TASK DESCRIPTION:
The required output is the lines below from the line containing "3 bed, 1.5 bath, 1176 sqft, $1,950 — Photo 3" to the line containing "Lux Pool Suite Umag Bagian luar foto", inclusive, retyped exactly. No other lines belong in it.

Web page caption snippets
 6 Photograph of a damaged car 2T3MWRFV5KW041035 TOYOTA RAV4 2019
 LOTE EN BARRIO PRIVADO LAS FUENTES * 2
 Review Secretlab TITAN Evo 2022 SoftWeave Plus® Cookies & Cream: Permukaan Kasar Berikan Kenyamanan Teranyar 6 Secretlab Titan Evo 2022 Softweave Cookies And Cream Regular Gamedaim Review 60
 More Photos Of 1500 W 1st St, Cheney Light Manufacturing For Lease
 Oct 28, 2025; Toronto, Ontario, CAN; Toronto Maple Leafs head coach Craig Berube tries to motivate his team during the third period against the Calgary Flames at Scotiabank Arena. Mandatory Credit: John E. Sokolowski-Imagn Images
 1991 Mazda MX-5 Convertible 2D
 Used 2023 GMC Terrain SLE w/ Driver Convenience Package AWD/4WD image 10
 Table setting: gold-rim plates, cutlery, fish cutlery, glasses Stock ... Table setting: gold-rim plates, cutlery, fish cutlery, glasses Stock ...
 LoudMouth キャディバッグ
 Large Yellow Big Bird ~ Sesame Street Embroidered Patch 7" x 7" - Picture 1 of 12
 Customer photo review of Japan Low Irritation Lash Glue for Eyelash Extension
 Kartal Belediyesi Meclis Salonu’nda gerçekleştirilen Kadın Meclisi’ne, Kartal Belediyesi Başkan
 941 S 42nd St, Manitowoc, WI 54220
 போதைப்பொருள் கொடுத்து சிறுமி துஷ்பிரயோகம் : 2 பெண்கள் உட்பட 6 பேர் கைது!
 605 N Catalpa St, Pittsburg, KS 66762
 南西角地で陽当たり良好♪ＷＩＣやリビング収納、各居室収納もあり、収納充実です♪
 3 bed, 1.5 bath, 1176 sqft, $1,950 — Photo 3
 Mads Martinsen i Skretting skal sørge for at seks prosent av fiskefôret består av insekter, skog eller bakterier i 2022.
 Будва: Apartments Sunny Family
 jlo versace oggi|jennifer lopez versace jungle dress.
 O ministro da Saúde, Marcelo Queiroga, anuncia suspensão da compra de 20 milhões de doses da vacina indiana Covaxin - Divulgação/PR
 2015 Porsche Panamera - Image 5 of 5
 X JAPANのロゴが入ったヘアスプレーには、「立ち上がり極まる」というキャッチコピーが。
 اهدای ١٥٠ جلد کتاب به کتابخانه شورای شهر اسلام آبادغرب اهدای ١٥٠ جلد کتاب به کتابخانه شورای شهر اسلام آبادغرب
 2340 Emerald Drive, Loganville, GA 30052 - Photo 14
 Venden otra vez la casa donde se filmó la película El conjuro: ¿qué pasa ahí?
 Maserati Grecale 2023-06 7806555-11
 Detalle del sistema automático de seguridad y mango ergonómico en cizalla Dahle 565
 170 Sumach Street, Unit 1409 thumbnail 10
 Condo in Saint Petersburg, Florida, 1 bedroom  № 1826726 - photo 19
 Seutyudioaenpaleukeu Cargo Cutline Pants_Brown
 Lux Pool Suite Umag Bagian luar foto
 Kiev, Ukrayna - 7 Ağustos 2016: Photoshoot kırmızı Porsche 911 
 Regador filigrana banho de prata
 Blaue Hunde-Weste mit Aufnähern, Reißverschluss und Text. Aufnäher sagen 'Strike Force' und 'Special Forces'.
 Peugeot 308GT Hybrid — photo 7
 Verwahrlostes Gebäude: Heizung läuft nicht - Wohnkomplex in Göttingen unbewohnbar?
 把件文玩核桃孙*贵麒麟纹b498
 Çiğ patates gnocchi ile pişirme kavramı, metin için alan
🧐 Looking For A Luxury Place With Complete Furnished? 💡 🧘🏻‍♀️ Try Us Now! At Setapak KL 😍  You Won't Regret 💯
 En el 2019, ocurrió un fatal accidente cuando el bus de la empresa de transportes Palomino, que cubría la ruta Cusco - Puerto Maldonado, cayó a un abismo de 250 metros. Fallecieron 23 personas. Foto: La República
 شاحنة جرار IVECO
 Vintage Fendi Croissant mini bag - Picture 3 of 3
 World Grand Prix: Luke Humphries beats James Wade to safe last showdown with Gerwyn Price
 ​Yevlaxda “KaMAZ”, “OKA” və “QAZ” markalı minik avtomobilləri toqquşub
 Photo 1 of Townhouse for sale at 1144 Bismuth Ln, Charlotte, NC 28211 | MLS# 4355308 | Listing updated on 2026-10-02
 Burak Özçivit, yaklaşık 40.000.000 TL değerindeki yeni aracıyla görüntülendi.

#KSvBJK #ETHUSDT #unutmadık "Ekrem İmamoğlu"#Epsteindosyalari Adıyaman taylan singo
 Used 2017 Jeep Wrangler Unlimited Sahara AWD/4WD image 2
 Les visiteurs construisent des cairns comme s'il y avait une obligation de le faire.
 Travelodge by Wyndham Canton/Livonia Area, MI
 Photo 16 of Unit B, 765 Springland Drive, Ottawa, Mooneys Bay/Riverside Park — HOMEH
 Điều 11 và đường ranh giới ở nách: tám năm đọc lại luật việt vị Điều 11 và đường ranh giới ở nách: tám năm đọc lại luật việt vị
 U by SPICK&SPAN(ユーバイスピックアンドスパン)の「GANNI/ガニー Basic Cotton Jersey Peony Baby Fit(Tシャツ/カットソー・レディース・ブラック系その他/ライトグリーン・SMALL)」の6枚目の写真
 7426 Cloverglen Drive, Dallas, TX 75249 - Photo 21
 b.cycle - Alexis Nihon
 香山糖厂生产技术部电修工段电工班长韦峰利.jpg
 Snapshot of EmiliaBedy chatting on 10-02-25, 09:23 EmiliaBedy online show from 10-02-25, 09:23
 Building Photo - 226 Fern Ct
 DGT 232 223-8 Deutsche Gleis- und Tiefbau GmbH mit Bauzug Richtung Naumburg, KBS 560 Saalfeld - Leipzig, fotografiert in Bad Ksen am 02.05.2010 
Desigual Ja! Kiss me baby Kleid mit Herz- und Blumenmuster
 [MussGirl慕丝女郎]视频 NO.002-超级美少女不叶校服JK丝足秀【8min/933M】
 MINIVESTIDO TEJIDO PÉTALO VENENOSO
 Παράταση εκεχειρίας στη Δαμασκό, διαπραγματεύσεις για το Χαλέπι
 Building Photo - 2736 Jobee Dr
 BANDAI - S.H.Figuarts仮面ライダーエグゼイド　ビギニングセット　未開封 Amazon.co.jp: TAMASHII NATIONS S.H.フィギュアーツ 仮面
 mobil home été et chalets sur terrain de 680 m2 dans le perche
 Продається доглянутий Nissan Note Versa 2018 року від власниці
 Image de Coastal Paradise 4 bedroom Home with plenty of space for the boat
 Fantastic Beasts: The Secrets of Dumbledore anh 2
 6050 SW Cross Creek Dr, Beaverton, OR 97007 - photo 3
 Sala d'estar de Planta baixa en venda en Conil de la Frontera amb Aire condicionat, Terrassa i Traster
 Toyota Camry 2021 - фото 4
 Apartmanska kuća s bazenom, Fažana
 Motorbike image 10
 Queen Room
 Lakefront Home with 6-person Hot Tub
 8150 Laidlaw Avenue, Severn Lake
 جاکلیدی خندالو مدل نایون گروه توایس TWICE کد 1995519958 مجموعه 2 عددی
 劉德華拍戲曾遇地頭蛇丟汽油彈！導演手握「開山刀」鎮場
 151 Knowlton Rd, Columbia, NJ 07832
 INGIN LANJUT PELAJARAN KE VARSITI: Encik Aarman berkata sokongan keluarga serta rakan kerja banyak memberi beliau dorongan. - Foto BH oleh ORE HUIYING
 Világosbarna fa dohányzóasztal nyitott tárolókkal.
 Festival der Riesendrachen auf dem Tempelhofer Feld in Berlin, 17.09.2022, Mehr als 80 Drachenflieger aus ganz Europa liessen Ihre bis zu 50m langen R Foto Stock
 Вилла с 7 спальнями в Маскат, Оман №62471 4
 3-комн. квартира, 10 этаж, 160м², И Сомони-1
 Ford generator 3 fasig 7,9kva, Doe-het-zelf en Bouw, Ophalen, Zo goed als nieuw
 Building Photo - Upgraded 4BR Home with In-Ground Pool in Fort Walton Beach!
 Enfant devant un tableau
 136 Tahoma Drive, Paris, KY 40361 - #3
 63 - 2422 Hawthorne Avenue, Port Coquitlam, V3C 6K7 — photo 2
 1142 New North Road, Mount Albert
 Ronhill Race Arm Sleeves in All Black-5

WRITTEN RESPONSE:
 3 bed, 1.5 bath, 1176 sqft, $1,950 — Photo 3
 Mads Martinsen i Skretting skal sørge for at seks prosent av fiskefôret består av insekter, skog eller bakterier i 2022.
 Будва: Apartments Sunny Family
 jlo versace oggi|jennifer lopez versace jungle dress.
 O ministro da Saúde, Marcelo Queiroga, anuncia suspensão da compra de 20 milhões de doses da vacina indiana Covaxin - Divulgação/PR
 2015 Porsche Panamera - Image 5 of 5
 X JAPANのロゴが入ったヘアスプレーには、「立ち上がり極まる」というキャッチコピーが。
 اهدای ١٥٠ جلد کتاب به کتابخانه شورای شهر اسلام آبادغرب اهدای ١٥٠ جلد کتاب به کتابخانه شورای شهر اسلام آبادغرب
 2340 Emerald Drive, Loganville, GA 30052 - Photo 14
 Venden otra vez la casa donde se filmó la película El conjuro: ¿qué pasa ahí?
 Maserati Grecale 2023-06 7806555-11
 Detalle del sistema automático de seguridad y mango ergonómico en cizalla Dahle 565
 170 Sumach Street, Unit 1409 thumbnail 10
 Condo in Saint Petersburg, Florida, 1 bedroom  № 1826726 - photo 19
 Seutyudioaenpaleukeu Cargo Cutline Pants_Brown
 Lux Pool Suite Umag Bagian luar foto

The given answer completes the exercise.